Entender
o homem contemporâneo, seus desafios e sua forma de vida é um assunto que
desperta curiosidade. Todas as pessoas chegam a esse tema intuitivamente, mas
para cá nos trouxeram os grandes intelectuais da atualidade desde que Emmanuel
Kant estabeleceu os limites da interpretação metafísica do mundo, isto é,
aquela que vinha sendo utilizada desde os antigos gregos e Martin Heidegger em Ser e Tempo apertou os contornos da
razão transcendental inaugurada por Kant (STEIN, A caminho de uma fundamentação pós-metafísica, 1997, p. 105): “Postos
esses limites (da razão), não se pode mais responder a nenhuma dessas questões
a que correspondem as três perguntas nas obras de Kant: a) que posso saber – Crítica
da Razão Pura; b) que devo fazer? – Crítica da Razão Prática; e c) que me é
dado esperar? Kant colocou que a metafísica resolveria esses problemas se
conseguisse responder a pergunta que é o homem?”
Então,
na tentativa de encontrar resposta para: o que posso saber do mundo e como
confiar nesses conhecimentos, como devo agir e o que posso esperar com minha
vida e escolhas, os escritores, filósofos e cientistas tentaram explicar quem é
o homem.
Desse
debate participou o filósofo tcheco que viveu grande parte da vida no Brasil.

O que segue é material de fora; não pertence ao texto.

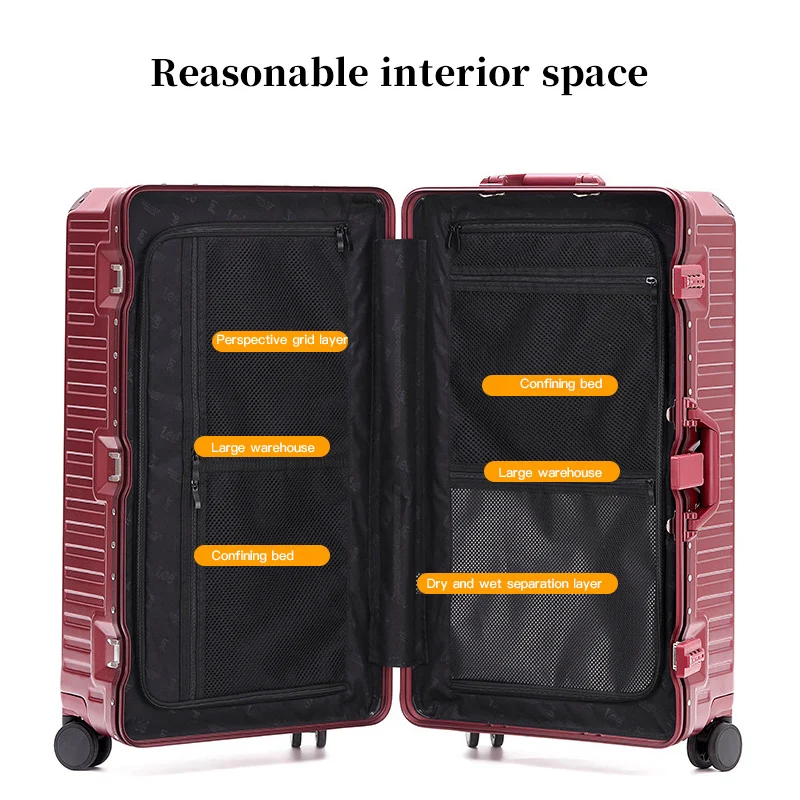 valise à poignée large valise de voyage hommes 20 24 26 bagage à main femmes pc cadre en aluminium boîtier de chariot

Para ele, o homem de hoje é um funcionário ou programador. O ponto de partida
de sua análise foi a crise contemporânea da cultura. Como quase todos os
intelectuais contemporâneos ele entendeu que vivemos numa sociedade em crise. Essa
crise se mostra num vazio que lembra os dias do barroco, quando (FLUSSER, 1983,
p. 9): “a vacuidade que ressoava nos seus passos (do homem barroco) era a do
vazio debaixo do palco.” Hoje em dia, entretanto, o vazio social é diferente,
não mais pode ser comparado ao do vazio do palco. Debaixo de nossos pés há
outro vazio que o do tablado do teatro. Para Flusser, o homem contemporâneo age
como um criminoso que quer apagar um crime. O maior de todos os crimes recentes
foi cometido no campo de Auschwitz. O campo de concentração é mais que um
fenômeno isolado, é um produto característico de nossa cultura (id., p. 11): “o
inaudito em Auschwitz não é o assassinato em massa, não é o crime. É a
reificação derradeira de pessoas em objetos uniformes, em cinza.” A razão é
que, por traz do campo de extermínio, a contemporaneidade colocou para
funcionar um aparelho capaz de transformar cada homem ou mulher num objeto,
retirando dele sua singular humanidade. Em outras palavras, é a transformação
das pessoas em objeto, um fenômeno social que se repete atualmente.
Assim
sendo, resta o desafio de superar o caminho torto da objetivação das pessoas
que aparece em outras organizações sociais contemporâneas que atuam como
caixas-pretas. Essas organizações funcionam segundo uma programação que
des-humanizam e que, a partir de certo momento, escapam (id., p. 14): “ao
controle dos seus programadores iniciais.” A crise surge porque (id., p. 15):
“perdemos a fé na nossa cultura, no chão que pisamos; isto é, perdemos a fé em
nós mesmos.” E o homem contemporâneo tornou-se um funcionário das organizações
contemporâneas. Isso nos leva ao tema da responsabilidade com o próprio destino
e o de todos, que parece longe do horizonte existencial do homem de hoje. Para
Flusser, isso se dá porque a irresponsabilidade é o que surge numa realidade
que transforma tudo em coisa.
O
essencial dessas considerações é a urgência do uso cuidadoso da razão, porque
somente seu cultivo crítico e a procura honesta da verdade são capazes de
superar a conversa fiada que marca os diálogos contemporâneos. Creio que pode
acrescentar ao que foi dito as Fake News,
que é ordinariamente a transformação da mentira em arma política e de
encobrimento ideológico e que funciona como uma nova forma de programa
oferecido a funcionários que a põem a circular.